The [config folder](configs/) contains JSON configuration files for all experiments performed in our research. These configurations detail the model's parameters and options.

Here's an explanation of each parameter in the config file:

- `dataset`: The dataset to be used for training (e.g., "diginetica", "yoochoose", "otto").
- `beta`: The two dimensionel diriclet vector to draw samples from during training.
- `regularization`: The penalty of the non-uniformity loss (approximated EPO loss) regularization term.
- `hidden_size`: The size of the hidden layers and item embeddings.

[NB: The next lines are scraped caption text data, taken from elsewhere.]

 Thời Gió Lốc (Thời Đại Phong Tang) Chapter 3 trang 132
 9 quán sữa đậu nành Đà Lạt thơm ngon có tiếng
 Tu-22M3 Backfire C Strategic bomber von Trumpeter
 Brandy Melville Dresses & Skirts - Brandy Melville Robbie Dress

- `num_layers`: The number of layers in the model.
- `dropout`: The dropout rate applied to the model's layers.
- `num_batch_negatives`: The number of negative samples from the batch. Limited by `batch_size` - 1.
- `num_uniform_negatives`: The number of uniformly sampled negatives.

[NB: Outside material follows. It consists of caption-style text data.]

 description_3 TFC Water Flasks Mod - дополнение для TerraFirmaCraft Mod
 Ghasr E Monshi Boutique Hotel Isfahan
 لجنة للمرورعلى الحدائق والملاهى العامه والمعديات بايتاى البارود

- `reject_uniform_session_items`: If true, items from the same session won't be used as uniform negatives. Becomes slow if `num_uniform_negatives` is large.
- `reject_in_batch_items`: If true, items from the same session won't be used as batch negatives.

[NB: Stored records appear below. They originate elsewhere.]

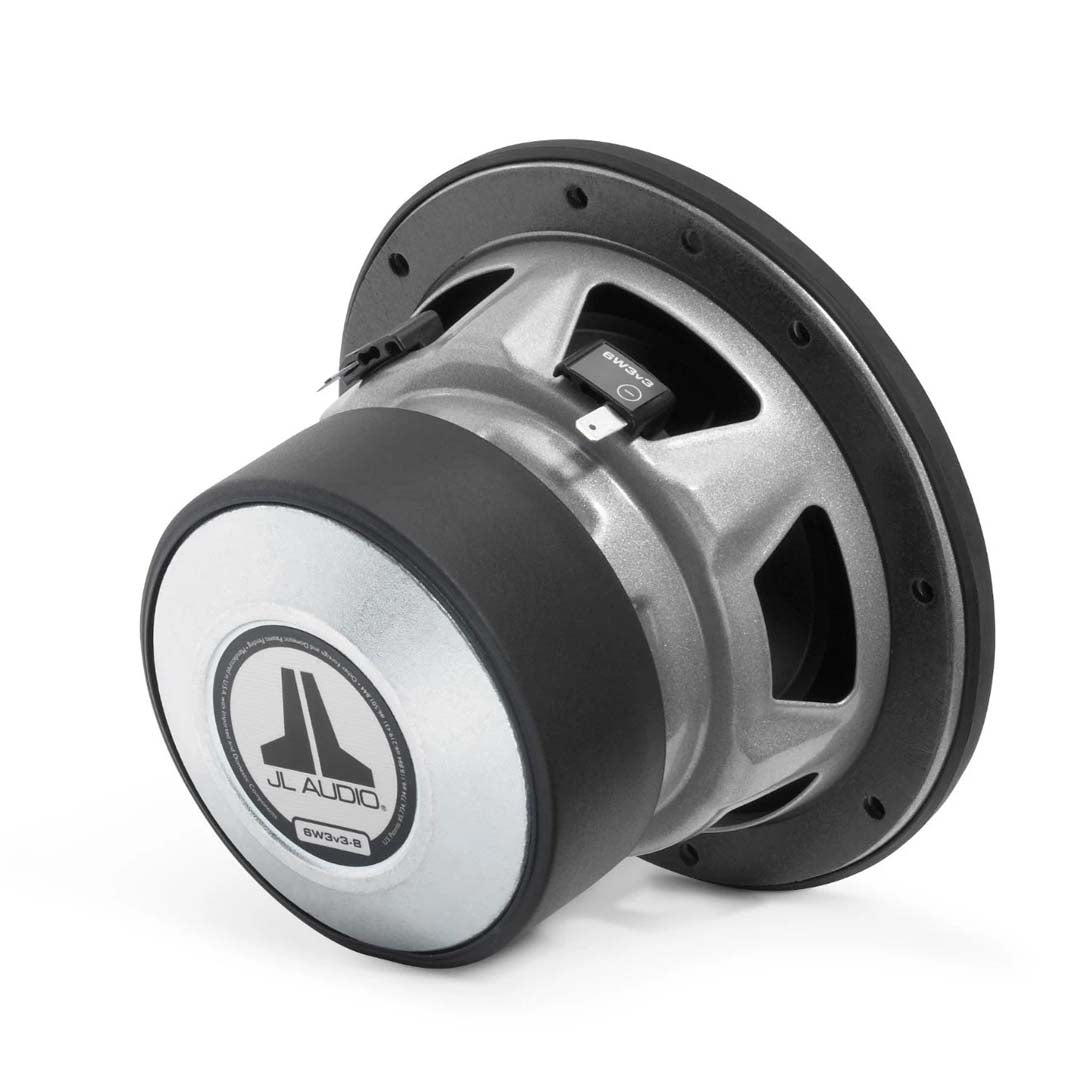 JL Audio 6W3v3-4 W3 Series 6.5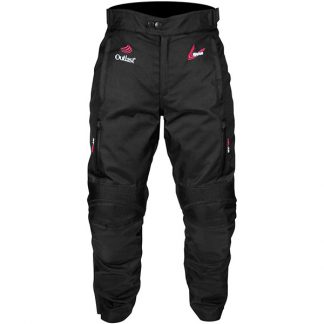Weise Outlast Memphis Motorcycle Trousers Black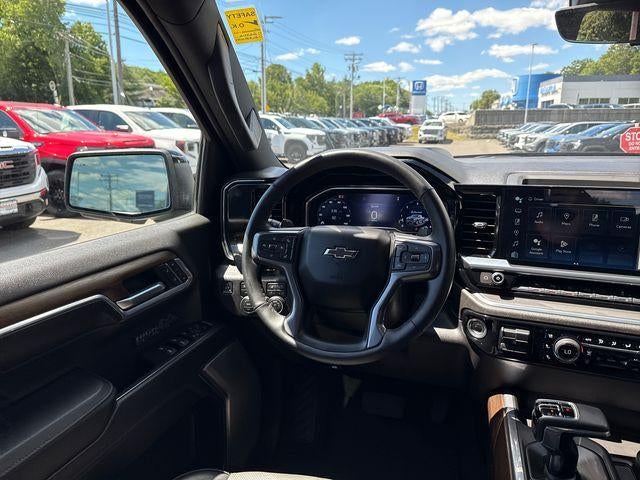 2024 Chevrolet Silverado 1500 Crew Cab Short Box 4-Wheel Drive High Country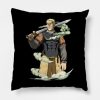 Vinland Saga Askeladd Throw Pillow Official Vinland Saga Merch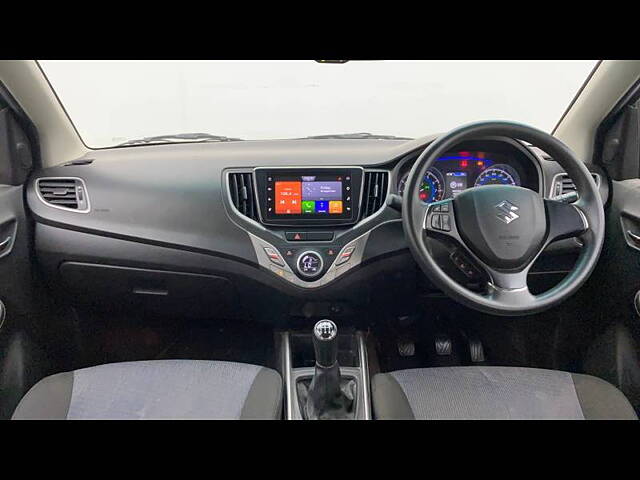 Used Maruti Suzuki Baleno [2015-2019] Zeta 1.2 in Hyderabad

- `sampling_style`: The style of negative sampling to use (e.g., "eventwise", "sessionwise", "batchwise"). Has significant impact on training speed.
- `topk_sampling`: If true, top-k negative sampling is enabled.
- `topk_sampling_k`: If `topk_sampling` is true, this parameter specifies the number of top k negative samples to be used for training.
- `loss`: The loss function to use (e.g. "ssm_and_be" or "ssm_and_distortion" is implemented).
- `max_epochs`: The maximum number of training epochs.
- `batch_size`: The batch size used for training and validation.
- `max_session_length`: The maximum length of a session. Longer sessions will be truncated.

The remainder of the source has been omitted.